Rice is a federal prisoner incarcerated at the United States Penitentiary in Lewis-burg, Pennsylvania. In 1983, the United States District Court for the Southern District of New York sentenced Rice to life in prison for a Continuing Criminal Enterprise (CCE), possession with intent to deliver heroin, conspiracy, and RICO. The United States Court of Appeals for the Second Circuit affirmed. United States v. Thomas, 757 F.2d 1359 (2d Cir. 1985), cert. denied, Rice v. United States, 479 U.S. 818, 107 S.Ct. 78, 93 L.Ed.2d 34 (1986). In May 2000, Rice filed a motion to vacate his sentence under 28 U.S.C. § 2255, which the sentencing court denied. Rice v. Unit *730 ed States, 118 F.Supp.2d 451 (S.D.N.Y. 2000). 1
In October 2002, Rice filed the current habeas corpus petition under 28 U.S.C. § 2241 in the Middle District of Pennsylvania. In his petition, Rice attempts to challenge his conviction and sentence under Ring v. Arizona, 536 U.S. 584, 122 S.Ct. 2428, 153 L.Ed.2d 556 (2002), and Apprendi v. New Jersey, 530 U.S. 466, 120 S.Ct. 2348, 147 L.Ed.2d 435 (2000). 2 He also asserts that he is actually innocent of the sentence of life in prison imposed for CCE. The District Court concluded that Rice cannot proceed under § 2241 because the remedy available to him under § 2255 is not inadequate or ineffective. Accordingly, the District Court dismissed Rice’s petition without prejudice to his seeking authorization to file a second or successive § 2255 motion. Rice appeals.

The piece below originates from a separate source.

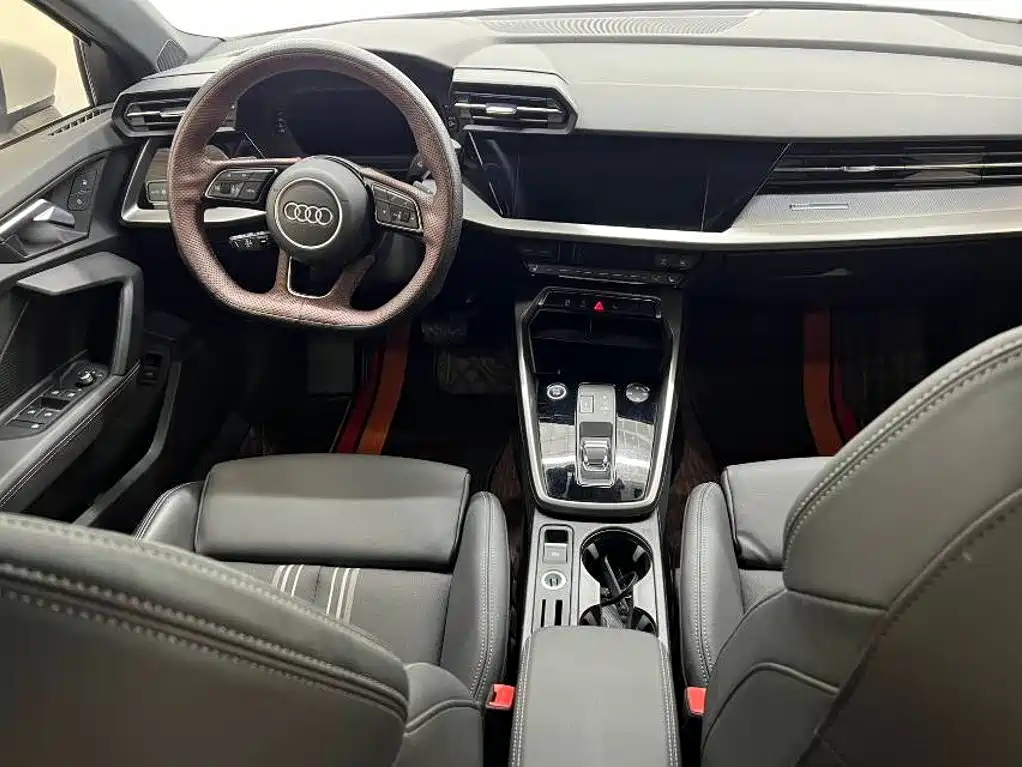 Audi A3 2023 — фото 15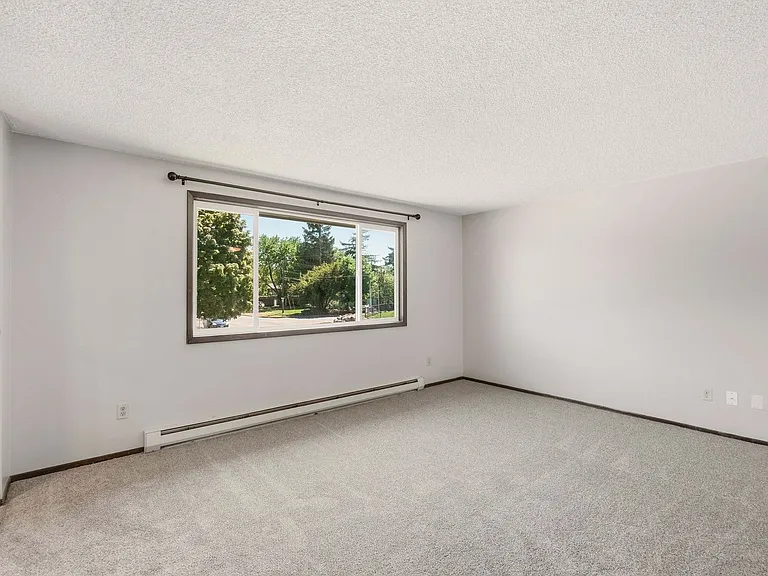 2705 N Robie Ct — Photo 3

A § 2255 motion is the presumptive means by which a federal prisoner can challenge his conviction or sentence. See Davis v. United States, 417 U.S. 333, 343, 94 S.Ct. 2298, 41 L.Ed.2d 109 (1974). A federal prisoner may proceed under § 2241 only if the remedy provided by § 2255 is inadequate or ineffective to test the legality of his detention. See 28 U.S.C. § 2255; In re Dorsainvil, 119 F.3d 245, 249-51 (3d Cir. 1997). “A § 2255 motion is inadequate or ineffective only where the petitioner demonstrates that some limitation of scope or procedure would prevent a § 2255 proceeding from affording him a full hearing and adjudication of his claims.” Cradle v. United States ex rel. Miner, 290 F.3d 536, 538 (3d Cir. 2002). Section 2255 is not inadequate or ineffective merely because the petitioner is unable to meet certain procedural requirements, such as the one-year period of limitation or the stringent gatekeeping requirements for filing a second or successive § 2255 motion. Id. at 539.

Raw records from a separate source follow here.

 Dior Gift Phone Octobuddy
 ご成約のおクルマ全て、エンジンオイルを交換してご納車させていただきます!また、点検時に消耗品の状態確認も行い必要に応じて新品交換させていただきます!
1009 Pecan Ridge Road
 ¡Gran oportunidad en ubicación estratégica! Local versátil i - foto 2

Specifically, we considered in Okereke v. United States, 307 F.3d 117 (3d Cir. 2002), whether § 2255 is inadequate or ineffective for a federal prisoner to challenge his sentence under Apprendi. See Okereke, 307 F.3d at 120-21. We explained that Dorsainvil was the “rare situation” in which an intervening change in law made the crime for which Dorsainvil had been convicted “non-criminal.” Id. at 120. Because Apprendi dealt with sentencing and did not render a conspiracy to import heroin “not criminal,” we concluded that § 2255 is not inadequate or ineffective to raise an Apprendi argument. Id. at 120-21. Thus, Okereke precludes Rice from raising an Apprendi challenge in a § 2241 proceeding. Rice is also precluded from presenting a Ring challenge in a § 2241 proceeding because that decision is based squarely on the rule of Apprendi. See Ring, 536 U.S. at 609, 122 S.Ct. 2428. 3
Rice’s assertion of actual innocence does not alter our conclusion. His argument is *731 one of legal innocence, not factual innocence, based on the erroneous premise that Apprendi and cases following it apply retroactively to cases on collateral review. In short, his actual innocence argument is unavailing in this proceeding. 4
For these reasons, we agree with the District Court that Rice may not proceed under § 2241. Accordingly, we will affirm the District Court’s order dismissing his habeas corpus petition.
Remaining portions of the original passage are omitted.